Coffee is a lot like wine in that price is sometimes more about scarcity (and marketing) than quality. So don’t let price be your guide in choosing beans. Instead, let what you like guide you. Colombian (also Mexican, and Brazilian) beans for instance tends to be well priced and terrific quality even though not as expensive as others. Colombian etc are often some of the very best available. Prices are relatively low compared to smaller producers just because Colombia grows so much of it. Also like wine, different regions are going to taste different. For a small difference in price you can have beans that are wilder tasting, fruity, more chocolate, buttery, citrusy; whatever suits your tastes in coffee best. You can even blend coffees to balance what you like most in them.

If it’s ALL about price however, not about regional variations in coffee or consistency, we do have Uncertain Blend
http://coffeeproject.com/shop/magento/raw-coffee-beans/uncertain-blend.html Very inexpensive especially for practicing, and many of our customers are committed to it. It’s all excellent coffee, just mixed up together and without any pedigree.

Using a birthday code, eight pounds Uncertain Blend and shipping works out to only $5.25 to your door.

I hope thats helpful info for when price is a leading factor, and that you do decide to source ALL of your beans via The Coffee Project.

How do raw coffee prices compare to roasted coffee prices?

Friday, July 8th, 2011

A lot of that depends on what scale you’re using. If you are comparing apples to apples raw coffee is normally about half the price of roasted. Coffee pricing is a lot like wine pricing. Rarity or quality both have their influences on price.

Even comparing green coffee against itself, a pound of green microlot Colombian is going to be more expensive than a pound green from a larger commercial farm. So you’d have to compare the rarity of the coffee against each other. Not all wines are the same just as not all coffees are the same.

There’s no comparison AT ALL between fresh roasted coffee and a can of coffee. That’s a quality issue.

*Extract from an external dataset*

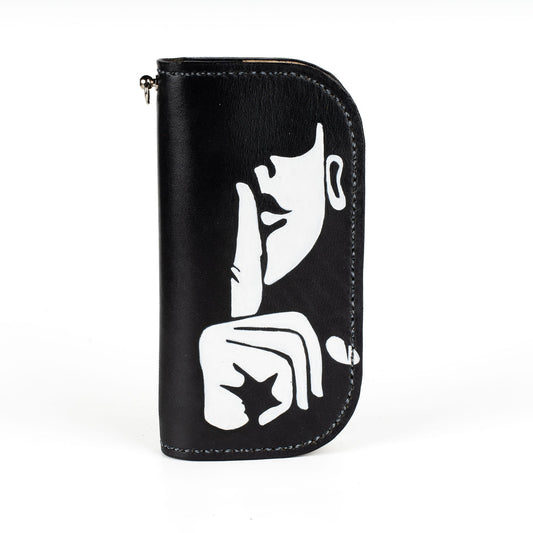 Black Leather Carved & Crafted Wallet Sussh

If you are comparing whole beans coffee in a grocery store against home roasted coffee the margins may be a little closer, but you are adding in the element of staleness in the store bought coffee. …How long did it take for that coffee to be roasted, packed, get on a truck, get to the front of the shelf, and finally get used up at home?

And, don’t be fooled by the 12 oz pound pricing! a real pound is 16 ounces, so factor that in.

Once you’ve accounted for quality, scarcity, freshness, it’s very close to half the price roasting coffee at home. Its hard to beat the consistency of what a professional roaster can produce from her specialty coffee shop, but, its going to cost you half as much as doing it at home. Its a lot like going out to dinner.

Your friends will also be completely knocked out at how good your coffee is. THEIR coffee will taste like swill :) while costing twice what yours did. That’s well worth the ten or so minutes at home to roast up a batch or two, just in bragging rights.

Raw coffee beans store well, a year or so. If you buy raw coffee bulk it will always be as fresh as possible once roasted, and always roasted exactly the way you like it best. Store bought coffee has about the same shelf life as bread, or milk. So there’s a big tertiary saving in roasting your own right there.

Currently the market is crazy. Coffee prices are through the roof. The mega-corporations have held back their price increases as much as possible over the last year or so, but they’re also sitting on coffee they bought 3-4-5 years ago. Sooner or later they are going to have to buy current crops and as we’ve seen recently, even the corporate giants will raise their prices and the margins will once again be closer to half the price.

Overall, Its the difference between corporate food and fresh homemade food. Homemade is better, less expensive, and just takes a little love to produce something spectacular. Its worth the effort.